Thursday, November 09, 2006

10 Reasons Why Losing Was a Good Thing for the GOP

No one likes to lose, especially when the stakes are as high as they are now with huge differences between the two political parties on how the War on Terror ought to be fought; how to best protect the American people, etc. However, even a casual inspection of the outcome of this particular election shows that Republicans didn't actually lose that bad this time around. Here are ten reasons why...

1) Democrats are now in a position (majorities in the House and Senate) to be held accountable for the results or lack of results they produce.

2) George W. Bush made good on his promise to bring a new tone to Washington. He reached out to the democrats at every turn. He signed an education reform bill largely written by democrats. The first round of tax cuts was formulated on a by-partisan basis. In his full-court press to generate support for saving the social security system the president had his own ideas, but he also unremittingly asked the democrats to present their ideas as to how the government will keep its promise to all those who’ve paid social security taxes over the years and who expect the system to be there when they retire.

Not only that, President Bush has refused to return personal insults coming from the other side of the aisle or even comment on them.
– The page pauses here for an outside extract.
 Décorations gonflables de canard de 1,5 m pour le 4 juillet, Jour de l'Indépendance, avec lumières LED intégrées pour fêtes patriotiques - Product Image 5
There isn't room in this blog to catalog the democrats' embarrassing list of vicious insults, partisan attacks, and dangerous compromises of our safety and security contained within every suggestion that Bush lied and got us into Iraq for illegitimate reasons... all while lamenting the absence of civility in DC politics and specifically blaming President Bush for the sharply negative tone in politics since he came to town --- a dichotomy that would be funny if we were describing children who are too young and immature to be aware of their own hypocrisy. And yet these folks do indeed seem to be completely unaware of their own hypocrisy! The party that is home to the folks that invented the strategy of personally destroying any and all enemies decries the politics of personal destruction. And they do so with a straight face!
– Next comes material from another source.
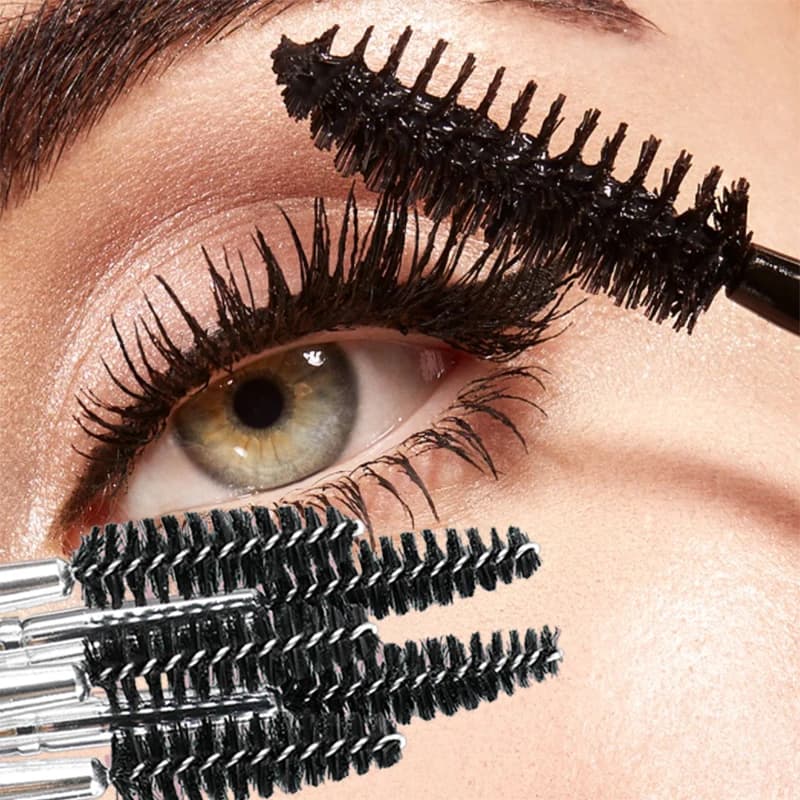 1/10 pz Pennelli Morbidi per Ciglia, Pennello per Sopracciglia Attorcigliato, Pennelli Angolati per Contorno Occhi, Pennelli per Eyeliner, Strumento Cosmetico per Sfumatura Occhi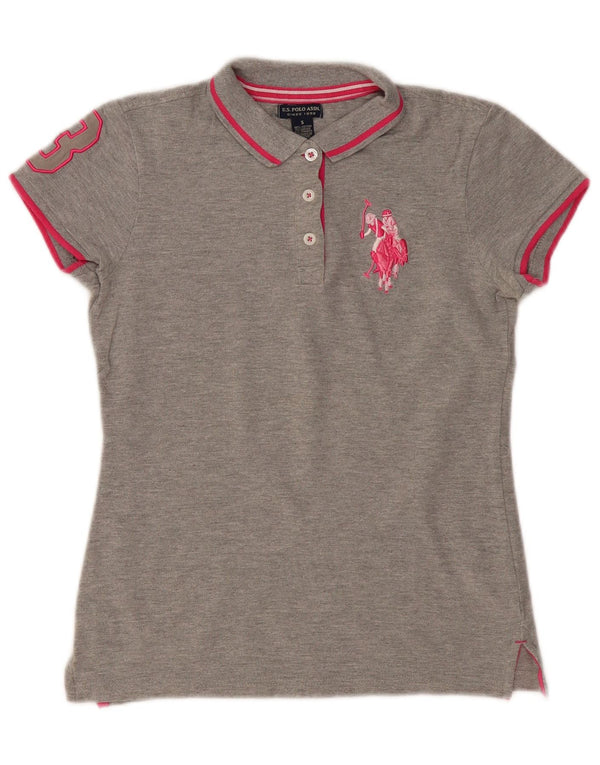 U.S. Polo Assn. Tricou polo pentru femei UK 10 mic bumbac gri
But now they hold majorities in both houses of congress. Now they have no excuse (as if they had any before). If the Democrats continue with the personal attacks and the same level of partisanship that continues to impede progress (and I am not going out on a limb when I predict they will) they won't be able to blame it on their victim (minority) status. Now, in the sixth year of the Bush administration, the Democrats will hold a narrow majority in congress. Will they still decline the invitation to join the new tone that the President has held to? Yes, they will. Will they finally be held accountable? Yes, they will.

3) Like the proverbial dog that chases and finally "catches" the proverbial mail truck, the Democrats are, for the first time in at least six years, stuck. They are stuck trying to come up with a convincing answer to the perplexing question, ‘Now what do we do?’ Folks, the democrats really do not know what to do. And it’s no wonder; they’ve been so single-minded in their hatred of Bush and in their strident opposition to all things “neo-con” that they haven’t taken any time to come up with exactly what they are for. Up until now, they had their minority status to hide behind as an excuse for having no new ideas. During a photo-op in New Orleans, Howard Dean was asked why the Democrats aren’t offering any ideas of their own and Dean said, “We don’t have to. We’re not the ones in power.” This is good for America. Now that they are “in power” take a look at the democrats anemic list of six big ideas at http://www.democrats.org/agenda.html and, aside from their usual condescending “we-can-do-everything-better” attitude [for example, when they say, “We believe in a strong national defense that is both tough and smart,” read ‘Our national defense might be tough, but it hasn’t been led by people who are very smart. If we were to get our way, we’d be smart with the military’ (like Lynden Johnson, Jimmy Carter, and Bill Clinton I suppose?)], none of the items of this six point plan really scream BIG NEW IDEA!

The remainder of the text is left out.